Voilà déjà un infini de trouvé, sans pouvoir pourtant nous en former une notion claire :

On nous présente un infini en espace. Qu’entendez-vous par espace ? est-ce un être ? est-ce rien ?

Si c’est un être, de quelle espèce est-il ? vous ne pouvez me le dire. Si c’est rien, ce rien n’a aucune propriété : et vous dites qu’il est pénétrable, immense ! Je suis si embarrassé que je ne puis ni l’appeler néant, ni l’appeler quelque chose.

Je ne sais cependant aucune chose qui ait plus de propriétés que le rien, le néant. Car en partant des bornes du monde, s’il y en a, vous pouvez vous promener dans le rien, y penser, y bâtir si vous avez des matériaux ; et ce rien, ce néant ne pourra s’opposer à rien de ce que vous voudrez faire : car, n’ayant aucune propriété, il ne peut vous apporter aucun empêchement. Mais aussi, puisqu’il ne peut vous nuire en rien, il ne peut vous servir.

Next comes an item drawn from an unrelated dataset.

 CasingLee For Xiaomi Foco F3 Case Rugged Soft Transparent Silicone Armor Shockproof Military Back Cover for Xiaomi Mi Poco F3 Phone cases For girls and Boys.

On prétend que c’est ainsi que Dieu créa le monde, dans le rien et de rien : cela est abstrus ; il vaut mieux sans doute penser à sa santé qu’à l’espace infini.

Mais nous sommes curieux, et il y a un espace. Notre esprit ne peut trouver ni la nature de cet espace ni sa fin. Nous l’appelons immense, parce que nous ne pouvons le mesurer. Que résulte-t-il de tout cela ? que nous avons prononcé des mots.

Étranges questions, qui confondent souvent
Le profond S’Gravesande et le subtil Mairan[1].

DE L’INFINI EN NOMBRE.

Nous avons beau désigner l’infini arithmétique par un lacs d’amour en cette façon , nous n’aurons pas une idée plus claire de cet infini numéraire. Cet infini n’est, comme les autres, que l’impuissance de trouver le bout. Nous appelons l’infini en grand un nombre quelconque qui surpassera quelque nombre que nous puissions supposer.

Quand nous cherchons l’infiniment petit, nous divisons ; et nous appelons infini une quantité moindre qu’aucune quantité assignable. C’est encore un autre nom donné à notre impuissance.

  1. Vers de Voltaire dans le deuxième de ses Discours sur l’homme.